BEGIN Listed records

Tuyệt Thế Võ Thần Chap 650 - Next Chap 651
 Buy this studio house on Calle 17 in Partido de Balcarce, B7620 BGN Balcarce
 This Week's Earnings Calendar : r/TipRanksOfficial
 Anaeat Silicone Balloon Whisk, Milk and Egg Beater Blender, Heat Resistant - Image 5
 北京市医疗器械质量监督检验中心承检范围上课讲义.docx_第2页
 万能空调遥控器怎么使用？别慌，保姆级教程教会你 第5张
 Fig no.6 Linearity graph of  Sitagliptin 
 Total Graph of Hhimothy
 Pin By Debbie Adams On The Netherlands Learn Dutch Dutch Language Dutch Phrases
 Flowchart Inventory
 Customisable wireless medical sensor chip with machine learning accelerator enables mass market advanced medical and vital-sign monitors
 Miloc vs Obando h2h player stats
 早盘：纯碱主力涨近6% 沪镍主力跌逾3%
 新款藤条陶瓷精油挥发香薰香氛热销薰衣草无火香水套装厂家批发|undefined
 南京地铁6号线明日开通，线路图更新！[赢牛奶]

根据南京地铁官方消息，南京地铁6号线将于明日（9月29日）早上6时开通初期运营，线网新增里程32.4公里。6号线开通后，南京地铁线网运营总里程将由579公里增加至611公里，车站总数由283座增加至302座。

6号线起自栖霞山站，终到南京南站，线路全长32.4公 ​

END Listed records

Retype every record above exactly as it stands.

# Task output
Tuyệt Thế Võ Thần Chap 650 - Next Chap 651
 Buy this studio house on Calle 17 in Partido de Balcarce, B7620 BGN Balcarce
 This Week's Earnings Calendar : r/TipRanksOfficial
 Anaeat Silicone Balloon Whisk, Milk and Egg Beater Blender, Heat Resistant - Image 5
 北京市医疗器械质量监督检验中心承检范围上课讲义.docx_第2页
 万能空调遥控器怎么使用？别慌，保姆级教程教会你 第5张
 Fig no.6 Linearity graph of  Sitagliptin 
 Total Graph of Hhimothy
 Pin By Debbie Adams On The Netherlands Learn Dutch Dutch Language Dutch Phrases
 Flowchart Inventory
 Customisable wireless medical sensor chip with machine learning accelerator enables mass market advanced medical and vital-sign monitors
 Miloc vs Obando h2h player stats
 早盘：纯碱主力涨近6% 沪镍主力跌逾3%
 新款藤条陶瓷精油挥发香薰香氛热销薰衣草无火香水套装厂家批发|undefined
 南京地铁6号线明日开通，线路图更新！[赢牛奶]

根据南京地铁官方消息，南京地铁6号线将于明日（9月29日）早上6时开通初期运营，线网新增里程32.4公里。6号线开通后，南京地铁线网运营总里程将由579公里增加至611公里，车站总数由283座增加至302座。

6号线起自栖霞山站，终到南京南站，线路全长32.4公 ​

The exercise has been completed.